Given that all of the energy ultimately comes from the sun and there is little variation in this (in relation to the monthly changes in temperature) we have to get to the bottom of where the energy is coming from to warm the atmosphere, and going to when it cools.
I note a couple of mention here that the satellite measurements lag the surface trends and I am assuming that people mean the stratospheric temperatures gain (or lose) energy by exchange with the surface air. This is the kind of thing I am getting at, but when they are both moving – in absolute terms – in the same direction, where is the energy coming from?
In a previous thread it was suggested the oceans were the only place which could “store” the kind of energy and I asked if there was any measurement of the ocean heat content that could be included in the energy audit. People mentioned the SST records, but this is not a full account because it is surely affected as much (if not more) by humidity and pressure.

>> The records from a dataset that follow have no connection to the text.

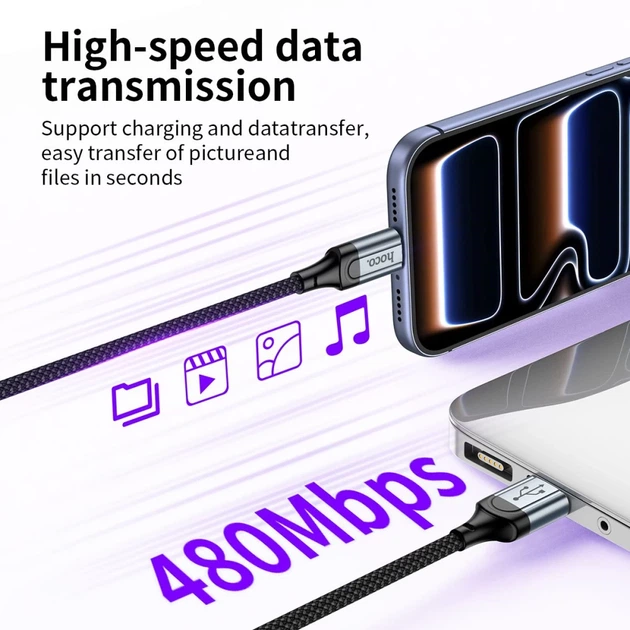 Кабель Hoco X121 USB C to USB C PD 3A 1.5 m Black (6942007663779) - изображение 8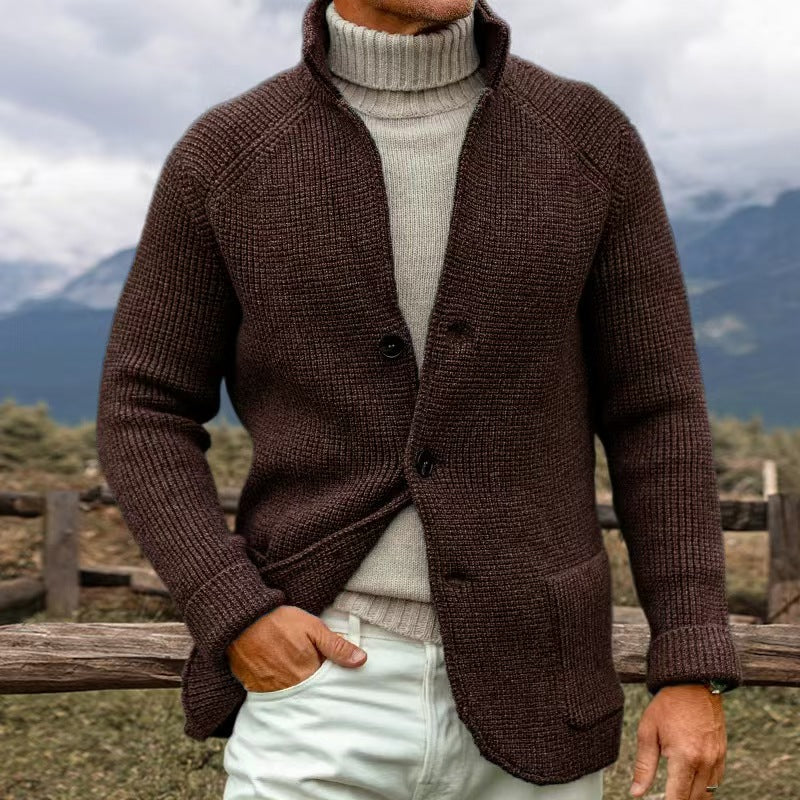 Cardigan Uomo Maglia Grossa Stile Lavorato Ampio - Brentozzi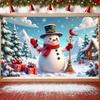 Christmas Tree Backdrop Gift Boxes Print Snowman Banner Snowman Display Christmas Tree Decor Xmas Background For Festive Winter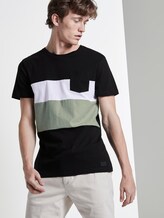Gestreiftes T-Shirt im Material-Mix - Männer - Black Gestreiftes T-Shirt im Material-Mix - Männer - Black - 5 - TOM TAILOR Denim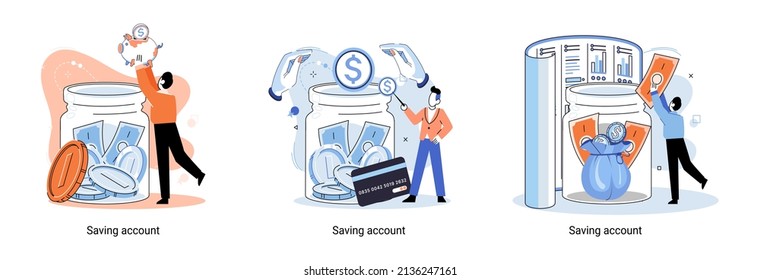 Saving account concept metaphor. People with coins and piggy bank. Accumulation of funds, wealth, passive income. Receiving interest from keeping money, safe future. Banking services, internet payment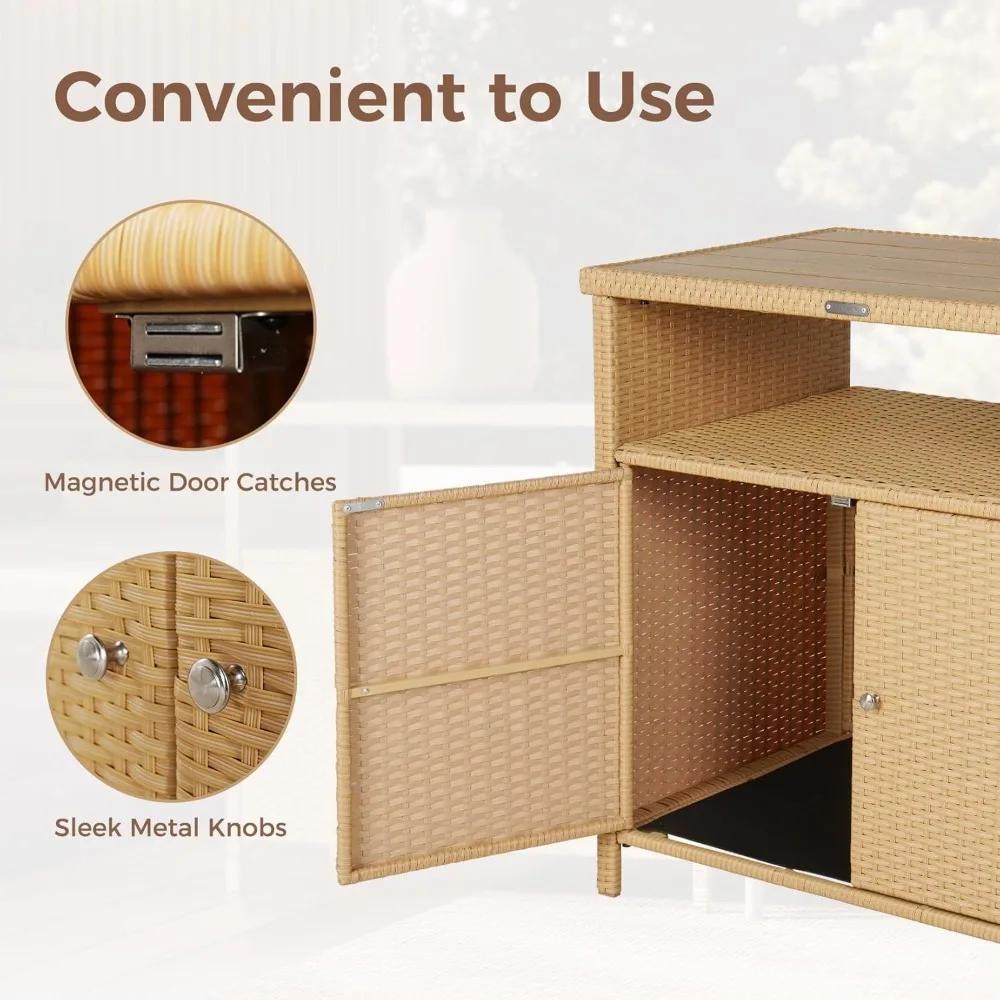 خزانة تخزين خارجية مع سطح من خشب الجوز وخزانة بوفيه من الخيزران المقاومة للطقس وخزانة جانبية من الخيزران ببابين لفناء الحديقة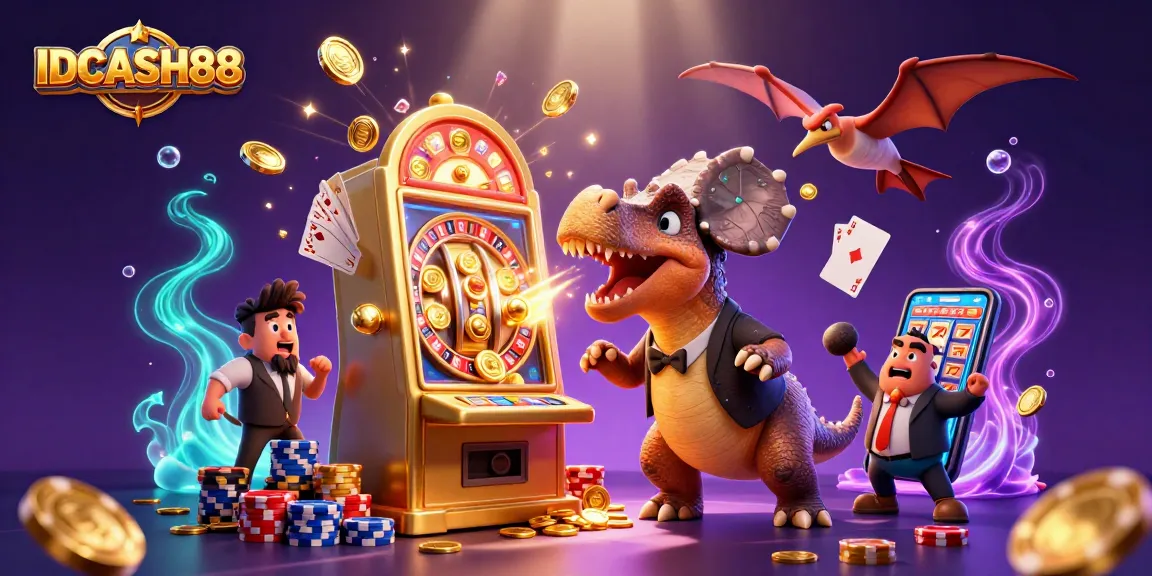 Experience thrilling slots with IDCASH88 as a pachycephalosaurus heads to the slot machine, capturing golden coins!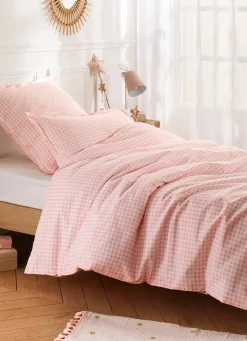 Bouchara HOUSSE DE COUETTE ENFANT MOTIF VICHY GINGHAM ROSE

Water loses a lot of energy by evaporation so the surface will constantly be losing energy in this way.
I am sorry for being a cracked record here, but, to me, the energy accounting approach is the only one which can begin to answer the “why is it warming” question.

Chuckles
January 21, 2010 12:23 pm

Several comments have queried the accuracy/quality of the raw temperature readings ‘at the weather station’. These vary tremendously from ‘unknown’ or ‘made up’ through ‘same as yesterday’ all the way up to ‘very good’.
For USHCN and electronic minmax thermometers (MMTS) the basic specs are – inherent accuracy is plus or minus 0.5 deg Centigrade. Electronic display accuracy is 0.1 units (deg Fahrenheit, and readings are captured by the operator to the nearest degree Fahrenheit.
e.g. If 76.6 is displayed, this implies an actual temperature somewhere between 24.3 and 25.3 degrees Centigrade, and would be recorded as 77 degrees Fahrenheit (25 Centigrade).
The system is calibrated annually.
YMMV.

John Finn
January 21, 2010 12:28 pm

Tilo Reber (09:07:57) :

John Finn
“Fair point about NCDC, but there’s an issue about the GISS 1998 anomaly. It’s always seemed, relatively speaking, much lower that the other datasets.”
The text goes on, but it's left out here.